Question 1(B) [4 marks]#
Compare Microprocessor With Microcontroller.
Answer:
| Feature | Microprocessor | Microcontroller |
|---|---|---|
| Architecture | External components needed | All components on single chip |
| Memory | External RAM/ROM required | Internal RAM/ROM available |
| Cost | Higher system cost | Lower system cost |
| Power | Higher power consumption | Lower power consumption |
| Size | Larger system size | Compact system |
| Applications | General purpose computing | Embedded control applications |
Key Points:
- Microprocessor: CPU only, requires external support chips
- Microcontroller: Complete computer system on chip
Mnemonic: “MICRO - Memory Internal, Compact, Reduced cost, Optimized”
Question 1(C) [7 marks]#
Draw And Explain Each Block Of 8085 Microprocessor.
Answer:
graph TB
A[Accumulator] --> ALU[Arithmetic Logic Unit]
B[Register Array] --> ALU
ALU --> F[Flag Register]
PC[Program Counter] --> AB[Address Buffer]
SP[Stack Pointer] --> AB
AB --> ADDR[Address Bus 16-bit]
IR[Instruction Register] --> ID[Instruction Decoder]
ID --> CU[Control Unit]
CU --> CB[Control Bus]
DB[Data Buffer] <--> DATA[Data Bus 8-bit]

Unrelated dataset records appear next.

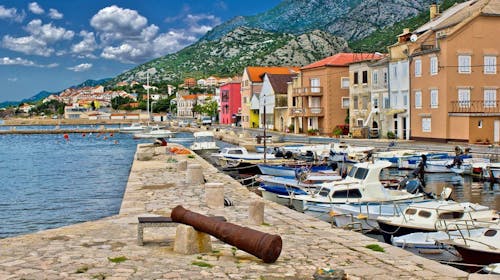 Hotel Zagreb Karlobag - Akcijska cena za leto sa polupansionom - Soba sa balkonom, Karlobag, Hrvatska - 81.485 RSD - 5x noćenje u dvokrevetnoj sobi sa balkonom za 2 osobe (1. dete do 11,99 godina besplatno i 2. dete do 0,99 godina besplatno), Polupansion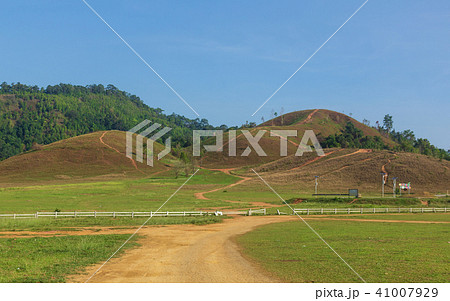 Landscape viewpoint of Grass Mountain. 41007929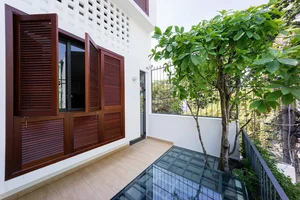 Modern Minimalist Home Renovation: Transforming Dark Spaces into Bright, Airy Interiors on a Budget - image 5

T[Timing & Control] --> CU
Block Functions:
- ALU: Performs arithmetic and logical operations
- Accumulator: Primary working register for data processing
- Register Array: B, C, D, E, H, L general purpose registers
- Program Counter: Holds address of next instruction
- Stack Pointer: Points to top of stack in memory
- Control Unit: Controls overall operation of processor
Mnemonic: “APRIL - ALU, Program counter, Registers, Instruction decoder, Logic control”
Question 1(C) OR [7 marks]#
Draw Pin Diagram Of 8085 Microprocessor And Explain Any 4(Four) Pins.
Answer:
Pin Explanations:
- ALE (Pin 30): Address Latch Enable - separates address and data on multiplexed bus
- RD (Pin 32): Read control signal - active low, indicates read operation
- WR (Pin 31): Write control signal - active low, indicates write operation
- RESET (Pin 36): Reset input - initializes processor when low
Mnemonic: “ARWA - ALE, Read, Write, rAset”
Question 2(A) [3 marks]#
Define : (1) Opcode (2) Operand
Answer:
Definitions:
- Opcode: Operation Code - specifies the operation to be performed (ADD, MOV, JMP)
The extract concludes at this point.